A good candidate for a threshold alert is performance monitoring. If we’re able to get notified as soon as the system starts working under its average speed, we have the chance to take action before things get worse. Before configuring the alarm we need a performance baseline. For that we can use the dashboard “Average response time” Search query with a long time range, let’s say -30d. The alert should be fired when the response time exceeds the baseline, e.g. 1000 ms, by a 25%:

_sourceCategory="netcore-api-logmanagement" |
parse "\"TimeTaken\":*}" as TimeTaken |
where TimeTaken >= (1000*1.25)

Also, Sumo lets you configure a message threshold to be alerted only if a certain number of requests, e.g. more than 50, is performing under the baseline.

Keepalive health check with WebSitePulse

The Keepalive health check is the only item in the error handling strategy that cannot be implemented by a log management tool such as Sumo Logic. For this one you’ll need another kind of product, capable of performing a periodic call to your service and notify you in case it’s down. One could be tempted to write a script to do this job, for example using PowerShell. I’d rather prefer a service such as WebSitePulse.com, which offers a much more robust solution than something I could build on my own:

24/7 remote monitoring “over the Internet”: to check if your servers are really available to your customers
Different worldwide locations: to double-check failures and avoid false-positives, and also to see what’s the end-to-end performance for users from different places
Multiple stations at diverse data centers: to enable high availability, so that if a primary server fails, one of the remaining servers will immediately take on the Keepalive health-check primary service

One of the WebSitePulse targets I have at work makes a request to an API every 5 minutes and it has been working for the last two years without interruptions. I receive an email when the API is down and other once it’s recovered. Also, I can suspend and resume the Keepalive health-check when there’s a planned downtime. Finally, WebSitePulse provides reporting about the availability of your service.
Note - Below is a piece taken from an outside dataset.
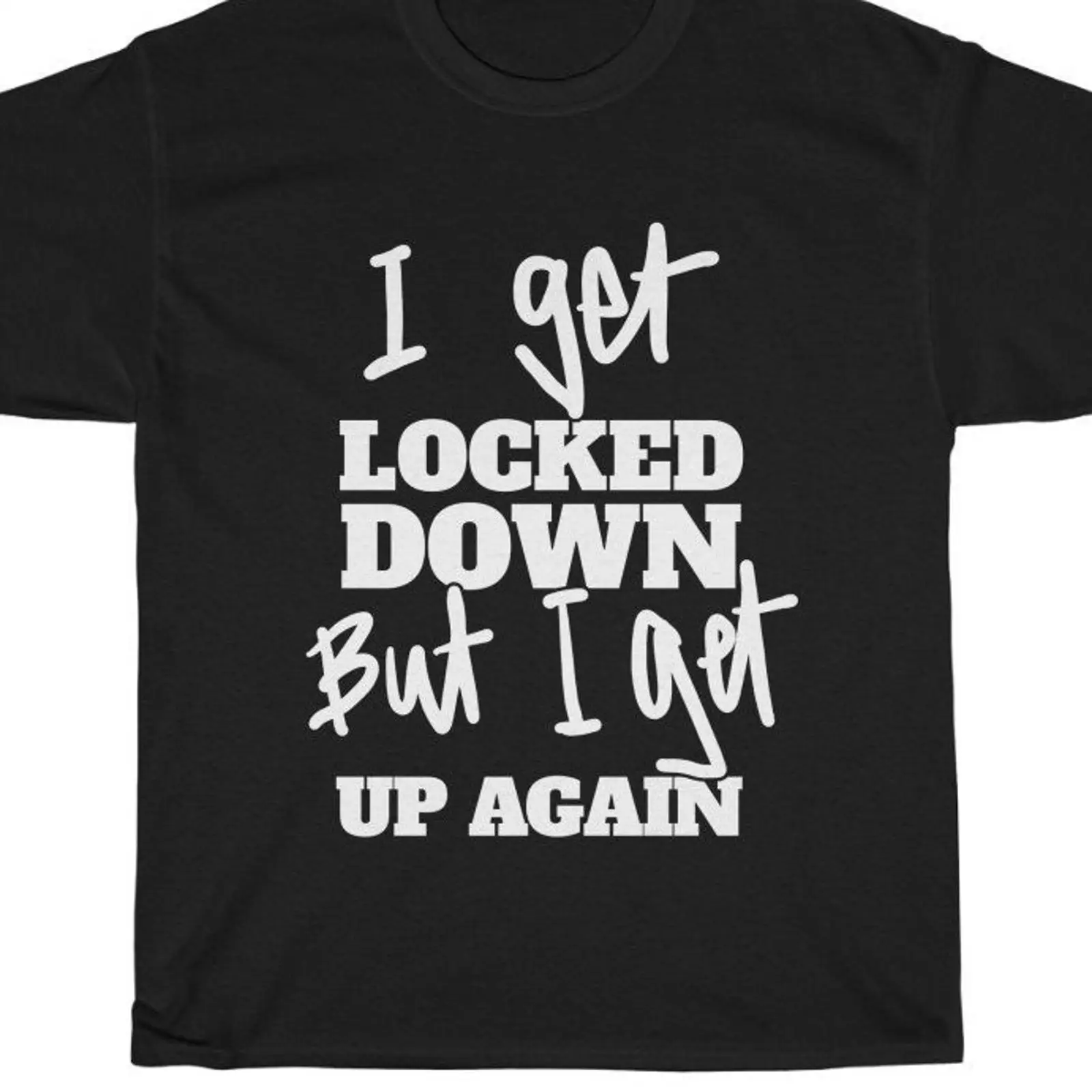 I Get Locked Down But Up Again - Vintage Fashion Melbourne recension och pris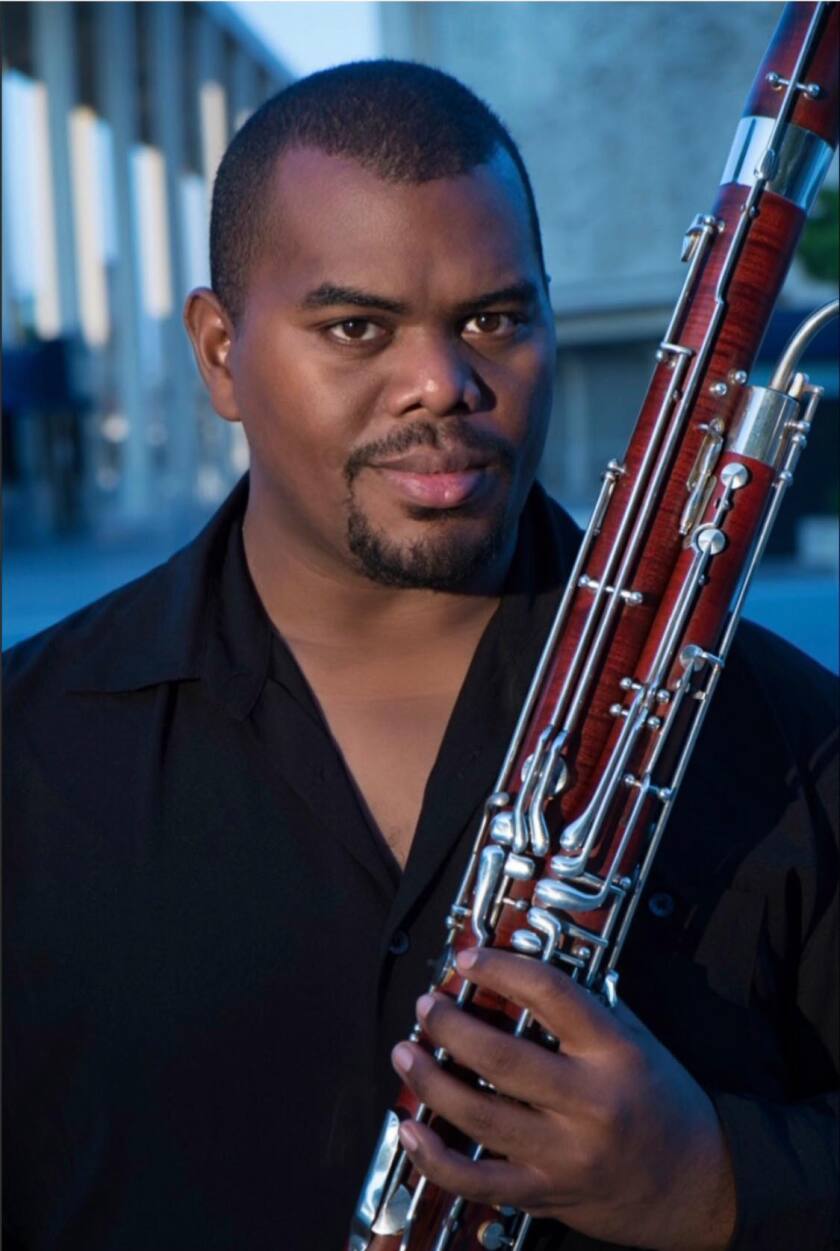 Stolen Bassoon Played For Blackkklansman Star Wars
Do I have an error handling strategy?

Finally, I came up with a last tool which is a checklist that can be used to assess the error handling strategy in an existing application, or even in something you’re building from scratch and want to ensure you have the error handling covered:

Do I have a single point of access to query and analyze the logs?
Am I able to check the main performance metrics in real-time?
Do I get notified when my app is working under the performance baseline?
Do I get notified when there is an error?
Do I get notified when my app is down?

To sum up, doing an estimate of how much money an error in your application might cost for your particular case is not an easy task. Beyond that specific number, I believe that the key of an error handling strategy is that ourselves, the developers (or any other role involved in building software), be aware of what impact an error in our systems can cause. At the end of the day, leveraging at least some of the error handling strategy elements not only will reduce the money loss but also will help to raise the quality bar of your system.